== Segment start ==
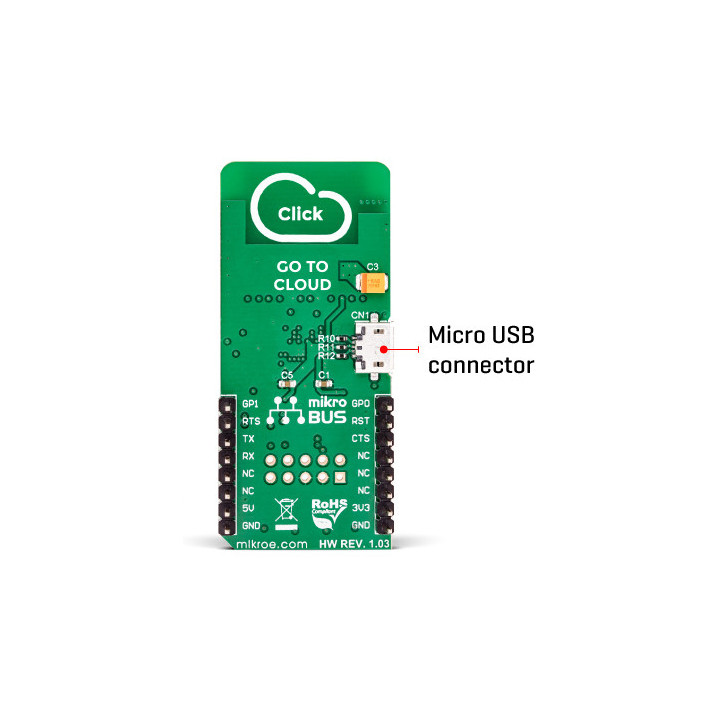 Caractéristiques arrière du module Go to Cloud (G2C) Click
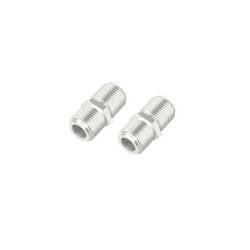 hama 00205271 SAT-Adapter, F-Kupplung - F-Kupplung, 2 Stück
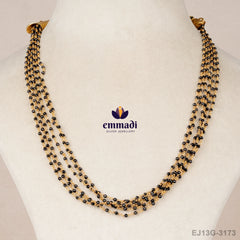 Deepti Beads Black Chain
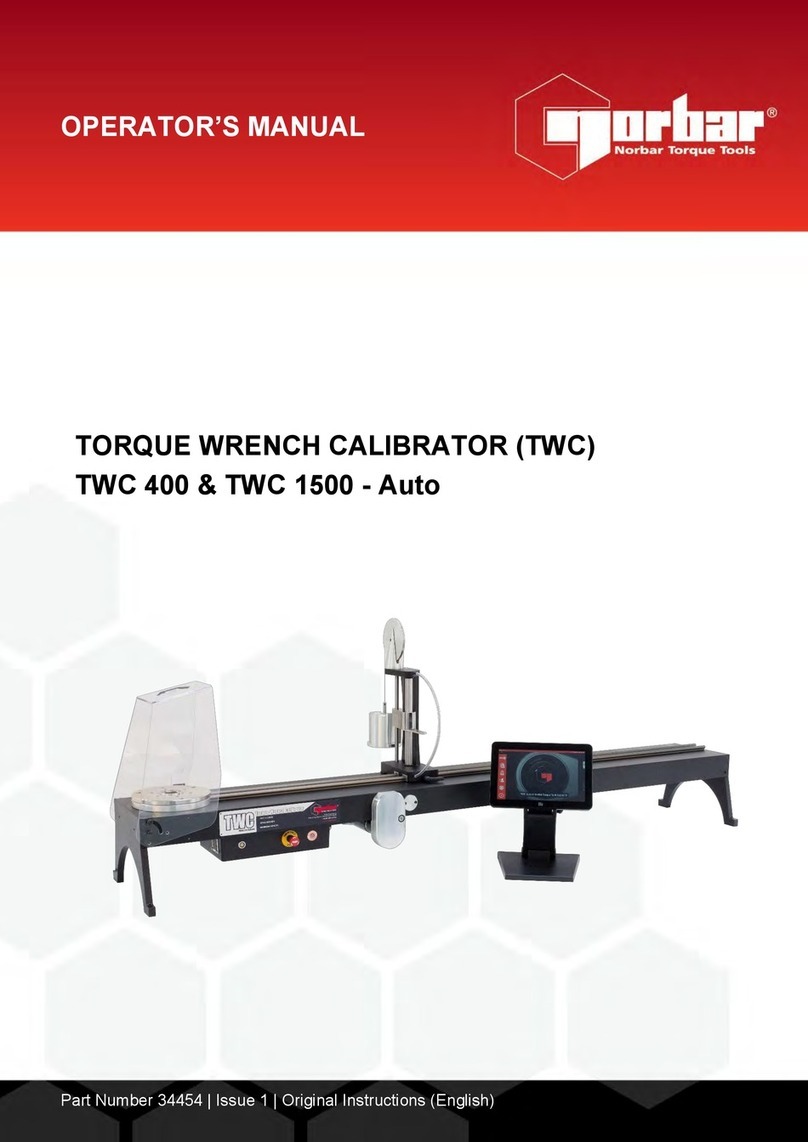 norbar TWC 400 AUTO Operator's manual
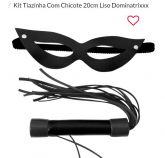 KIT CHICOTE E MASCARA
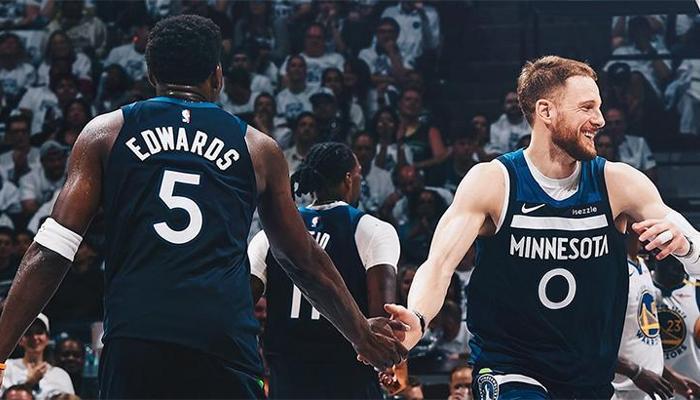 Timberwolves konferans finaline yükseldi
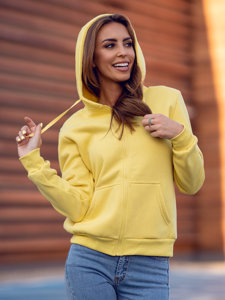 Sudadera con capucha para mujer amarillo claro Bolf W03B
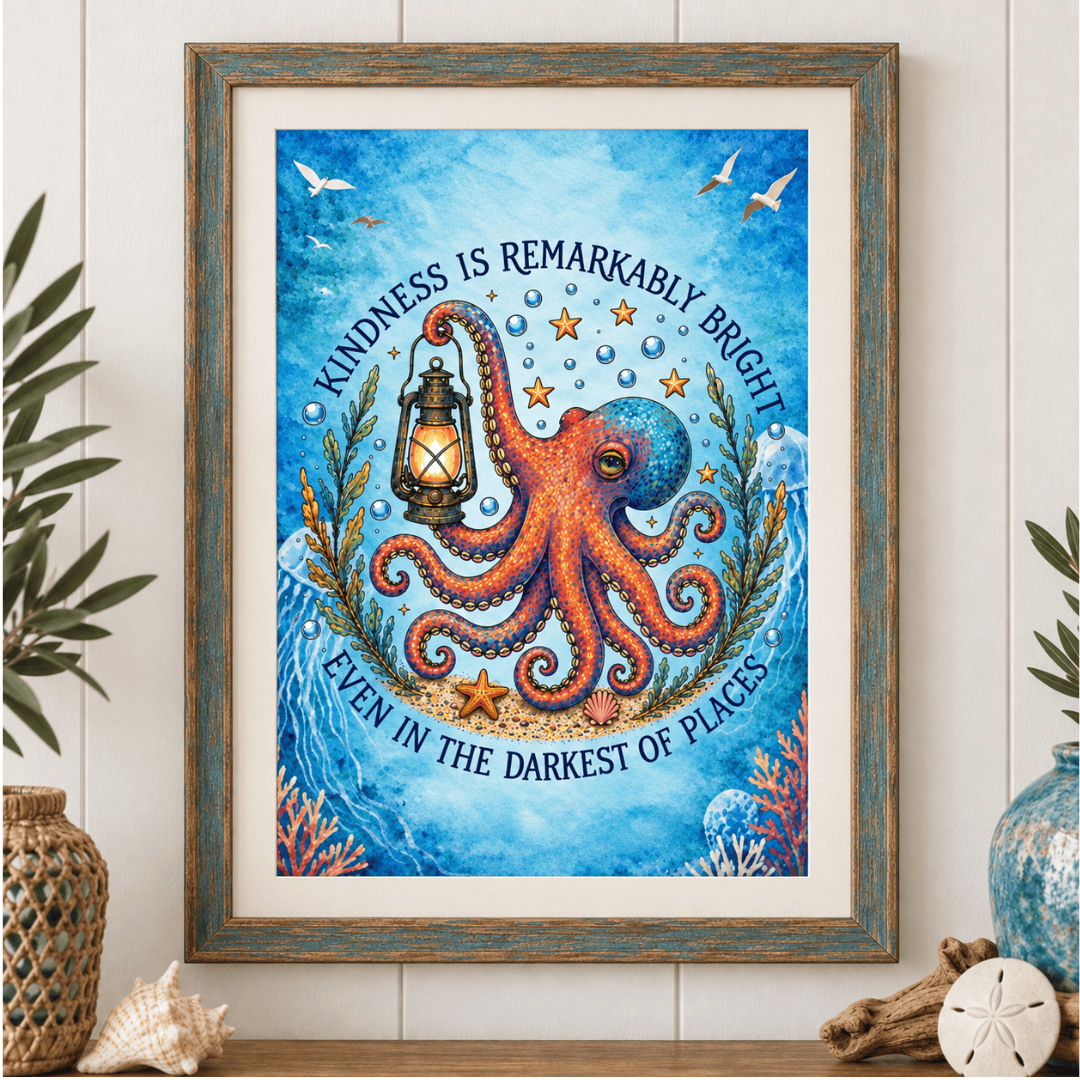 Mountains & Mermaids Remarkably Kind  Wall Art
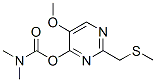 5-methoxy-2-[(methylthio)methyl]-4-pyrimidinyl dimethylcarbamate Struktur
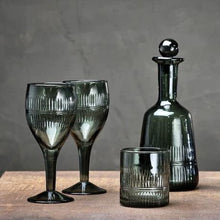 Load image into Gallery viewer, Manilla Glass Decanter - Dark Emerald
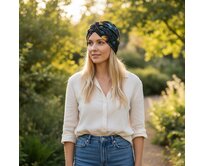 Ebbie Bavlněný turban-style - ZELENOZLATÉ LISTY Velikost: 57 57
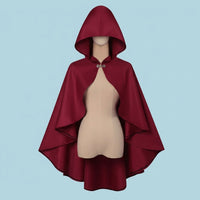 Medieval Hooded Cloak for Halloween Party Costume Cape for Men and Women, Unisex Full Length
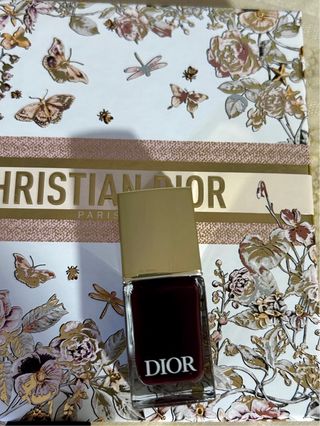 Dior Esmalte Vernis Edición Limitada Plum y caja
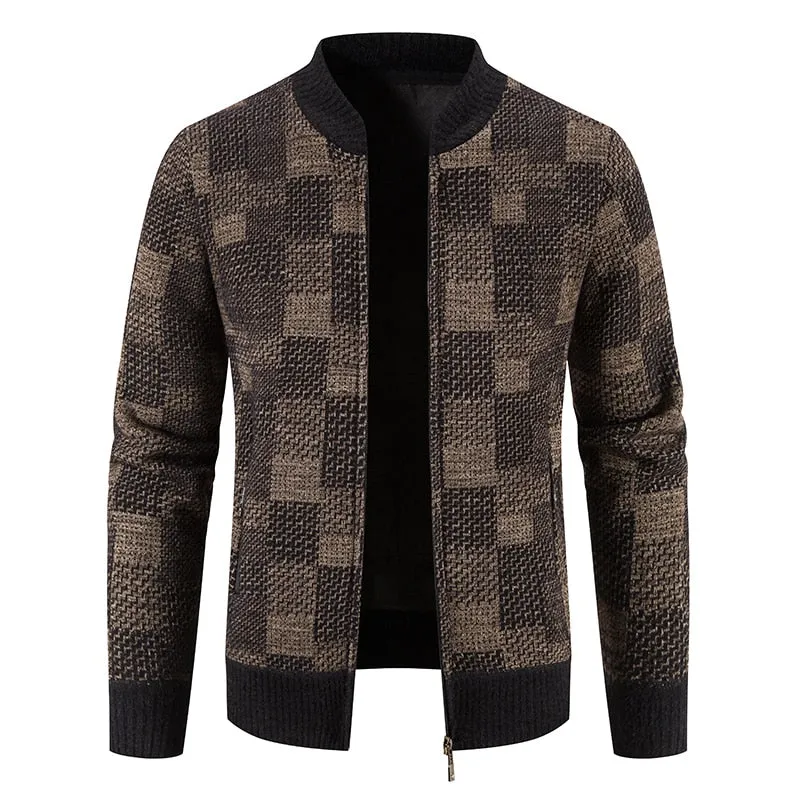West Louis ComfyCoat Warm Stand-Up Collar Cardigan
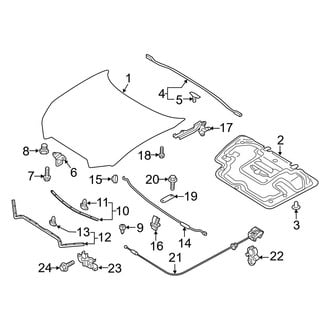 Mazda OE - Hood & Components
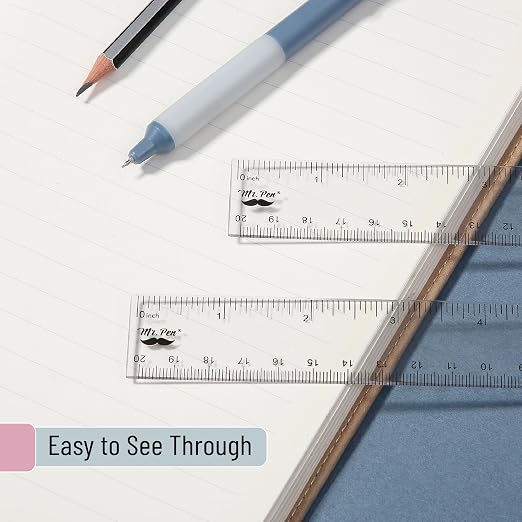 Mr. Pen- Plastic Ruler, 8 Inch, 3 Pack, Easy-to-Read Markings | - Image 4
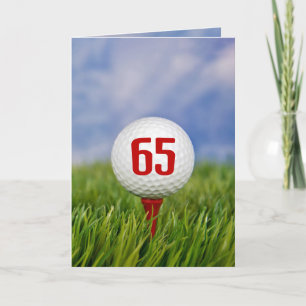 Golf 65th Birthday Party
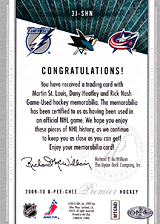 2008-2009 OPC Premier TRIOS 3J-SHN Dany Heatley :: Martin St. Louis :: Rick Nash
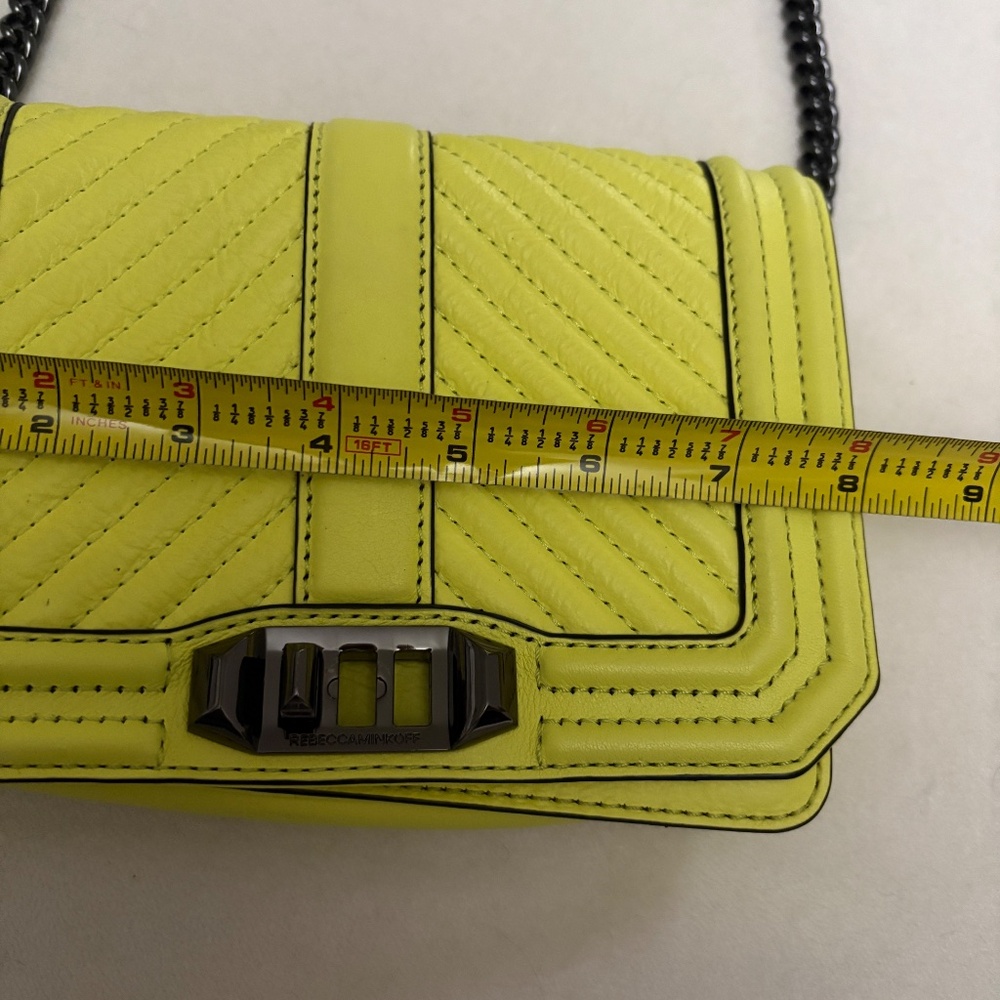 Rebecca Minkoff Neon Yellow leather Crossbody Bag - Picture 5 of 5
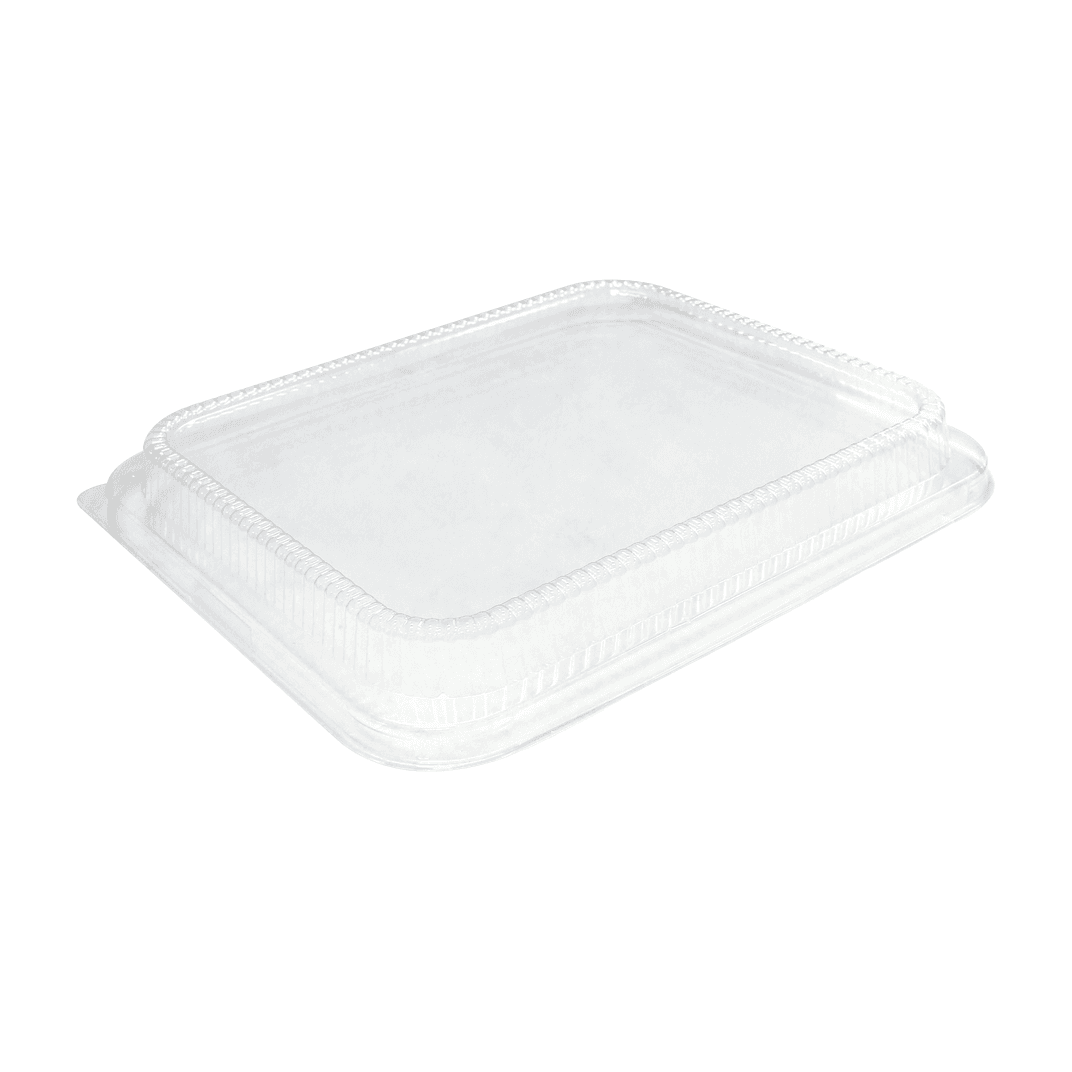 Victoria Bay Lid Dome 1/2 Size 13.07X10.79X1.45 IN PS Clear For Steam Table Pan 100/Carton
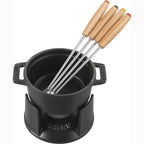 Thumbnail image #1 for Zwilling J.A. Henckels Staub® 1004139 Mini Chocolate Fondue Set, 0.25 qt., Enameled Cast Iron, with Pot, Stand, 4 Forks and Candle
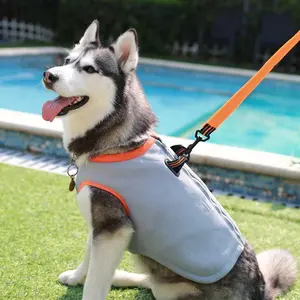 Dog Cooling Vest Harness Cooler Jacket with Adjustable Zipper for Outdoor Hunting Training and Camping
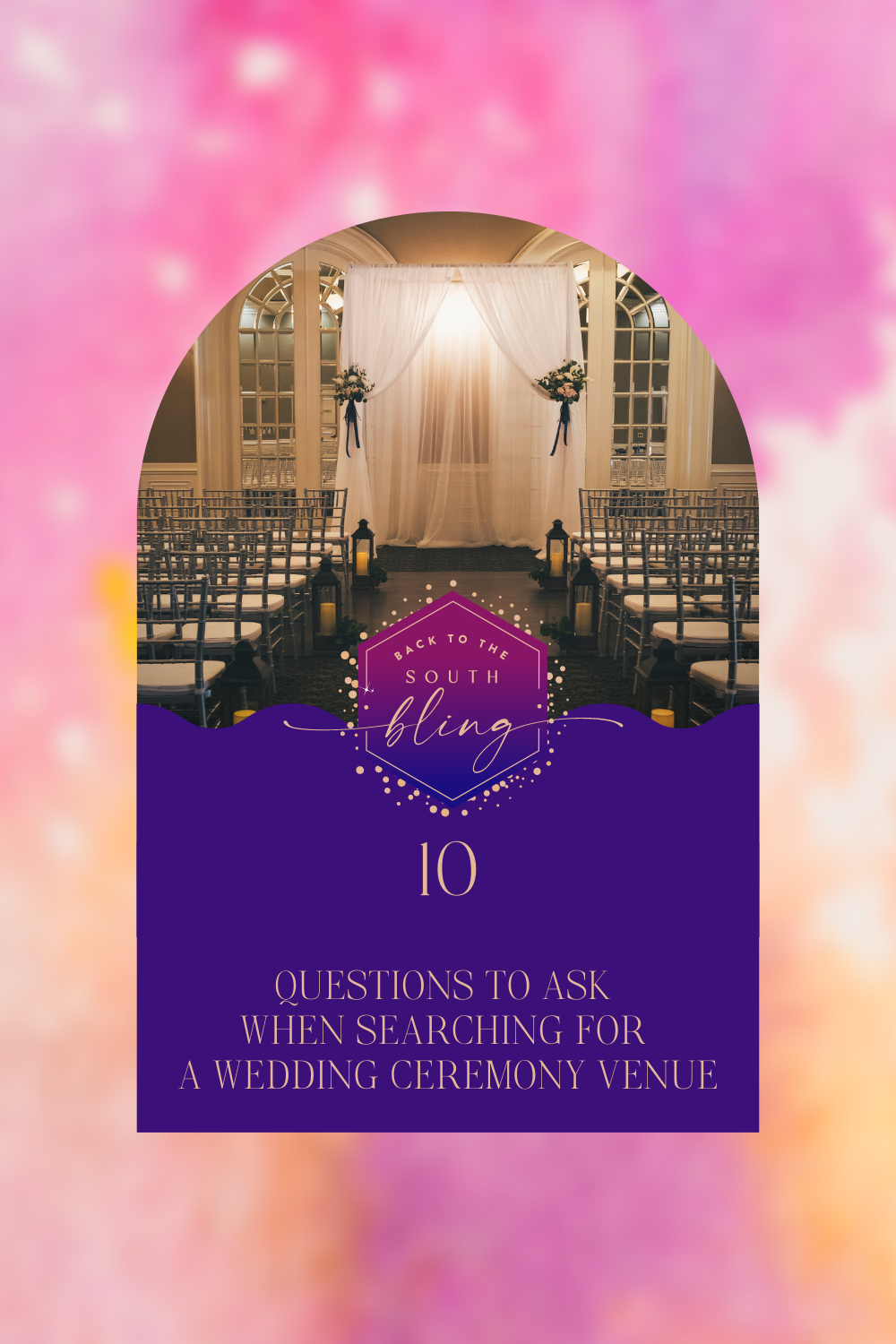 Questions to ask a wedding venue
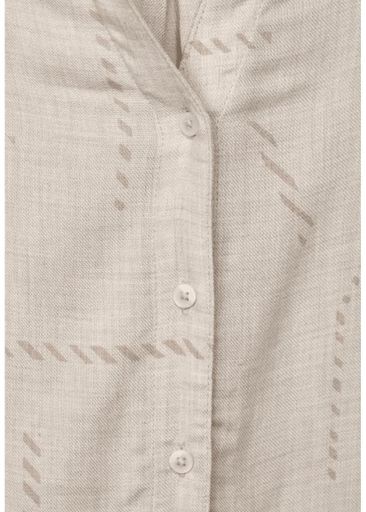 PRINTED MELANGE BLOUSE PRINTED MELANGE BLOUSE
== Segment end ==
[Task]
The pictures should not be reproduced; quote all of the other material exactly.

[Written solution]
 Caractéristiques arrière du module Go to Cloud (G2C) Click
 hama 00205271 SAT-Adapter, F-Kupplung - F-Kupplung, 2 Stück
 Deepti Beads Black Chain
 norbar TWC 400 AUTO Operator's manual
 KIT CHICOTE E MASCARA
 Timberwolves konferans finaline yükseldi
 Sudadera con capucha para mujer amarillo claro Bolf W03B
 Mountains & Mermaids Remarkably Kind  Wall Art
 5-methoxy-2-[(methylthio)methyl]-4-pyrimidinyl dimethylcarbamate Struktur
 Load image into Gallery viewer, Manilla Glass Decanter - Dark Emerald
 Ebbie Bavlněný turban-style - ZELENOZLATÉ LISTY Velikost: 57 57
 Medieval Hooded Cloak for Halloween Party Costume Cape for Men and Women, Unisex Full Length
 Dior Esmalte Vernis Edición Limitada Plum y caja
West Louis ComfyCoat Warm Stand-Up Collar Cardigan
 Mazda OE - Hood & Components
 Mr. Pen- Plastic Ruler, 8 Inch, 3 Pack, Easy-to-Read Markings | - Image 4
 Golf 65th Birthday Party
 2008-2009 OPC Premier TRIOS 3J-SHN Dany Heatley :: Martin St. Louis :: Rick Nash
 Rebecca Minkoff Neon Yellow leather Crossbody Bag - Picture 5 of 5
 Victoria Bay Lid Dome 1/2 Size 13.07X10.79X1.45 IN PS Clear For Steam Table Pan 100/Carton
 Thumbnail image #1 for Zwilling J.A. Henckels Staub® 1004139 Mini Chocolate Fondue Set, 0.25 qt., Enameled Cast Iron, with Pot, Stand, 4 Forks and Candle
 Dog Cooling Vest Harness Cooler Jacket with Adjustable Zipper for Outdoor Hunting Training and Camping
 Questions to ask a wedding venue
 PRINTED MELANGE BLOUSE PRINTED MELANGE BLOUSE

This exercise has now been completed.